The main grievance of the revenue is against the action of the Ld. CIT (A) in annulling the order passed by the ITO, Ward-22(4) New Delhi on 11.12.2007 of an order passed u/s. 144 against the assessee.
Brief facts of the case are that the assessee for the AY 2005-06 had filed the return of income at Calcutta on 29.10.2005 disclosing total income of Rs.1,20,000/-. Later the case was taken up for scrutiny by the ACIT, CCXXVIII, Kolkata wherein certain additions were made by the AO on 29.12.2006 which was challenged by the assessee before the Ld. CIT (A), Central-1, Kolkata who was pleased to give partial relief to the assessee by order dated 30.04.2007.
Thereafter, the ITO, Wd-22(4) and DAO 42, New Delhi issued notice u/s. 142(1) dated 20.09.2007 asking the assessee to file return of income and another notice u/s. 142(1) along with letter dated 22.10.2017 was issued to the assessee calling for the explanation of source of investment made for the purchase of property of Rs. 54 lacs and in mutual fund of Rs.31,25,959/- during the period 01.04.2004 to 31.03.2005. According to ITO, Wd-22(4), New Delhi since there was no compliance from the part of assessee, the AO assessed the said amount of Rs.85,25,959/- as the income from undisclosed source u/s. 69 of the Act vide order dated 11.12.2007.

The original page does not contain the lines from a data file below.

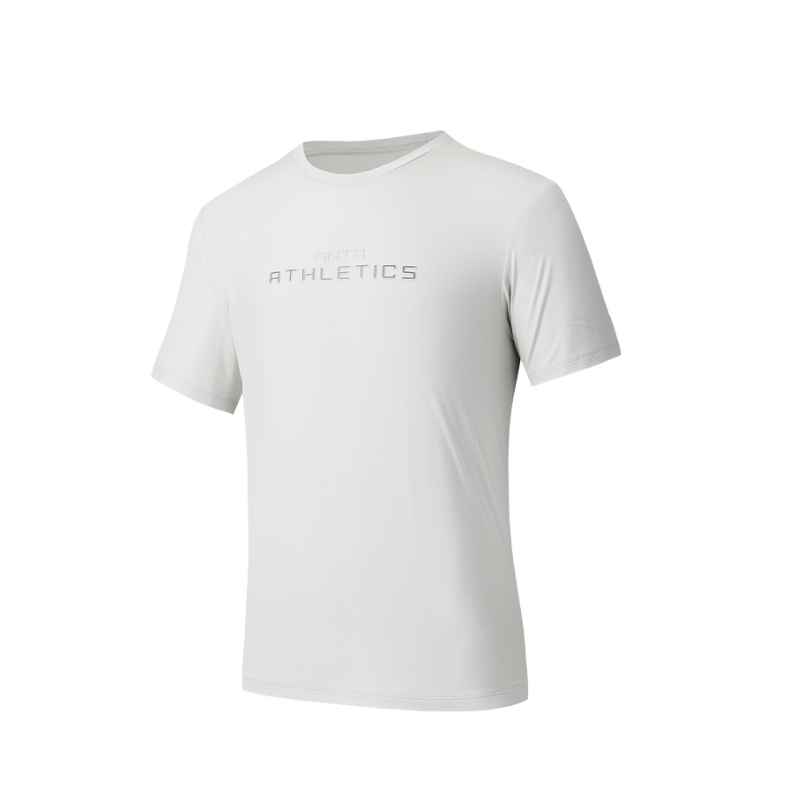 Мужская футболка Anta Спортивная (серая)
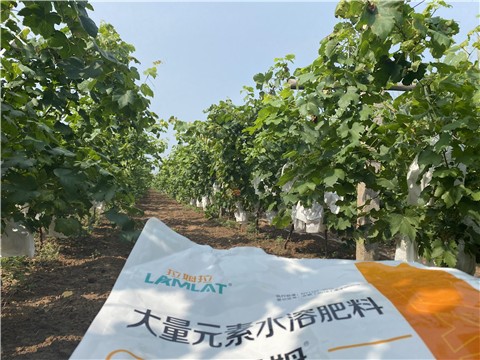 大量元素水溶肥，拉姆拉，翠姆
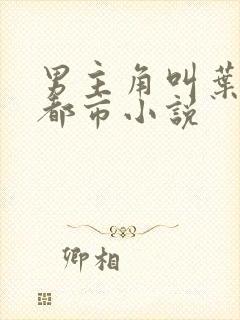 男主角叫叶楚的都市小说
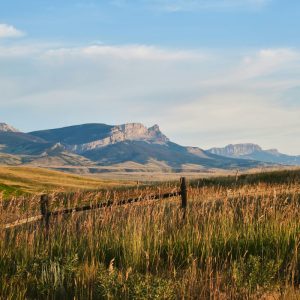 mountain view in montana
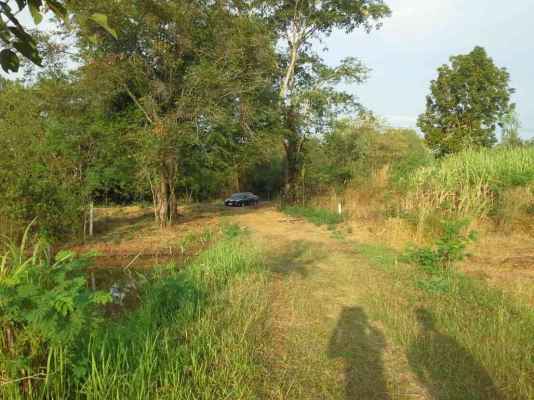 ขายที่ดินด่วน 24 ไร่43ตารางวา อยู่ติดถนนสายภูเวียง-หนองบัวลำภู 15กิโลเมตร พร้อมโฉนดที่ดินค่ะ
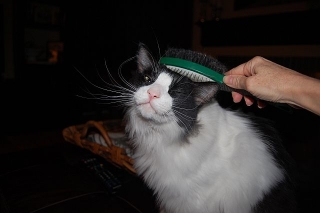 cat-sitting-phx-040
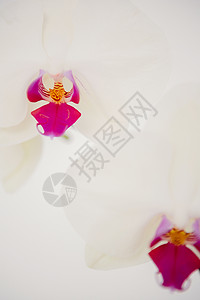 粉红花的精细一枝植物白色区系背景图片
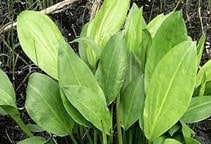 آشنایی با مدیریت علف‌هرز روغن‌واش (قسمت اول)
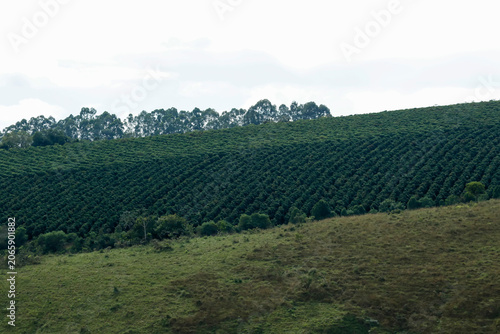 Coffee plantation organized in straight lines on a hillside farm in Minas Gerais Brazil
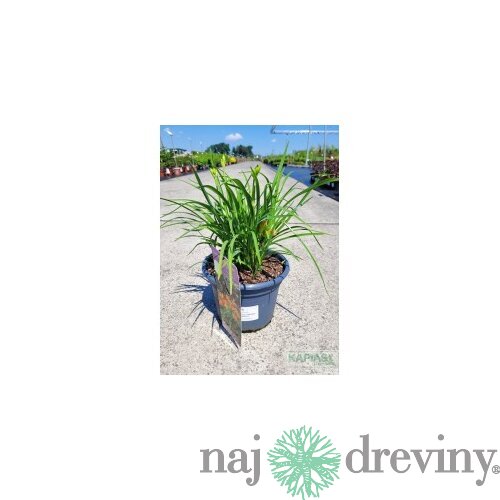 Ľaliovka EVERYDAYLILY BRONZE ‘VER00274‘ 20/40 cm v črepníku 5l Hemerocallis EVERYDAYLILY BRONZE ‘VER00274‘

Aggrieved by the aforesaid action of ITO, Wd-22(4), New Delhi, the assessee preferred an appeal on 13.01.2008 before the Ld. CIT(A)-XXIII, New Delhi which was transferred to Ld. CIT (A)-2, Kolkata, which was again transferred to Ld. CIT-6. In the impugned order of Ld. CIT(A)-6, Kolkata, the Ld. CIT (A) notes that in pursuance of the order no. 6 dated 15.12.2015 of 2015 under sub sections (1), (2) and (3) of sec. 120 of the Act the Ld. Principal CCIT, WB & Sikkim transferred this appeal from the office of the Ld. CIT (A)-II, Kolkata to Ld. CIT (A)-6. The Ld. CIT (A) notes that ITNS 51 was issued to the AO on 18.09.2008. The Ld. CIT (A)-6 in the impugned order dated 23.02.2016 takes note that Ld. CIT (A)-IV who had jurisdiction over the case when the assessee furnished written submission dated 27.10.2013 had remanded the matter for verification to the ACIT, Central Circle-XXVIII specifically with reference to the investment aggregating to Rs.85,25,959/- (for land and mutual fund) vide letter no. CIT (A)- VI/Kolkata/Remand/2013-14/592 dated 16.01.2014.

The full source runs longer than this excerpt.